(Collection entries)

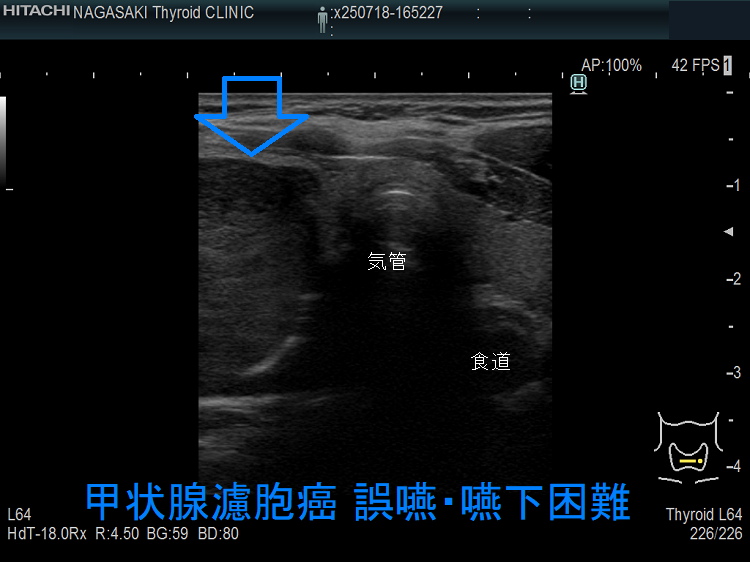 甲状腺濾胞癌 誤嚥・嚥下困難 甲状腺濾胞癌 誤嚥・嚥下困難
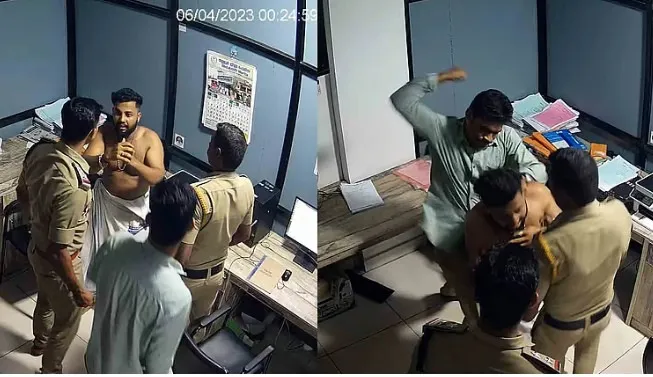 police attack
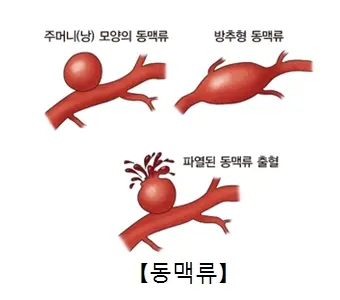 동맥류&#44; 서울아산병원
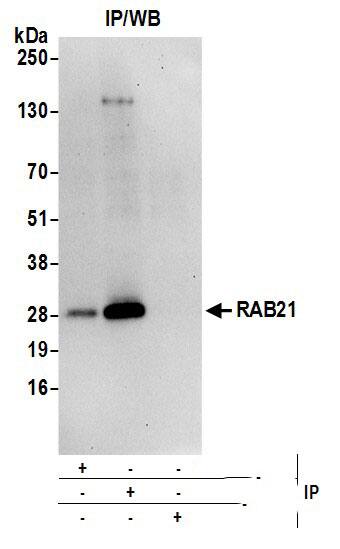 RAB21 Antibody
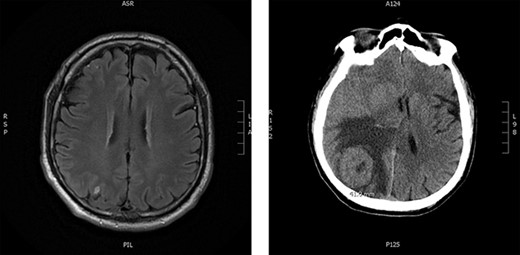 Brain imaging; solitary right parietal brain metastasis measuring 6 mm August 2019 (left) and 4.5 months later measuring 4.1 cm (right).
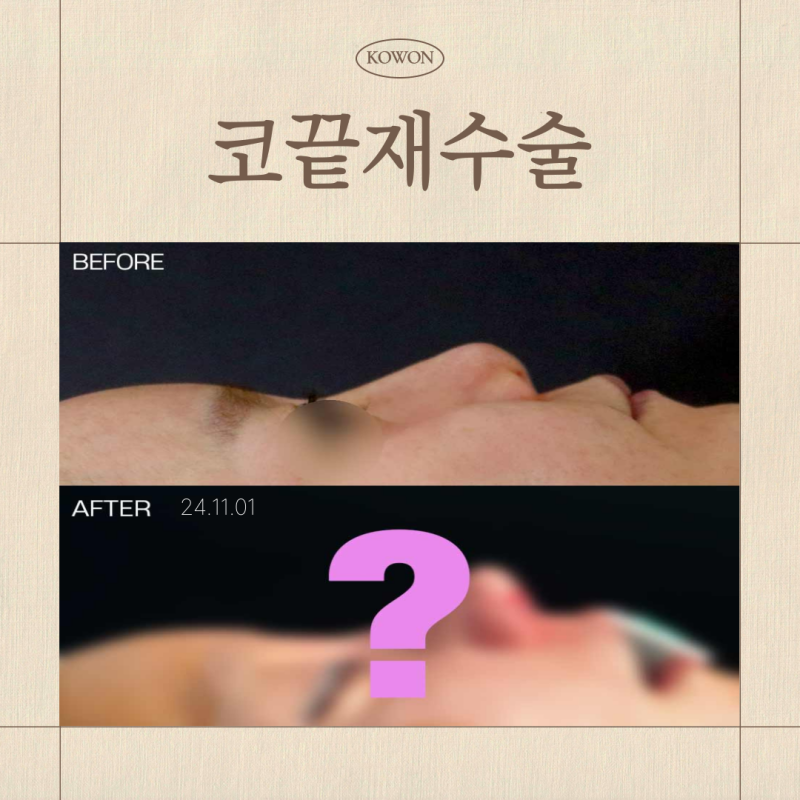 코끝재수술 코끝염증 방치해도 될까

◆ Exercise details:
Leaving pictures aside, give again word for word each line from the one with "동맥류&#44; 서울아산병원" to the final line of the entries.

◆ Completed exercise:
 동맥류&#44; 서울아산병원
 RAB21 Antibody
 Brain imaging; solitary right parietal brain metastasis measuring 6 mm August 2019 (left) and 4.5 months later measuring 4.1 cm (right).
 코끝재수술 코끝염증 방치해도 될까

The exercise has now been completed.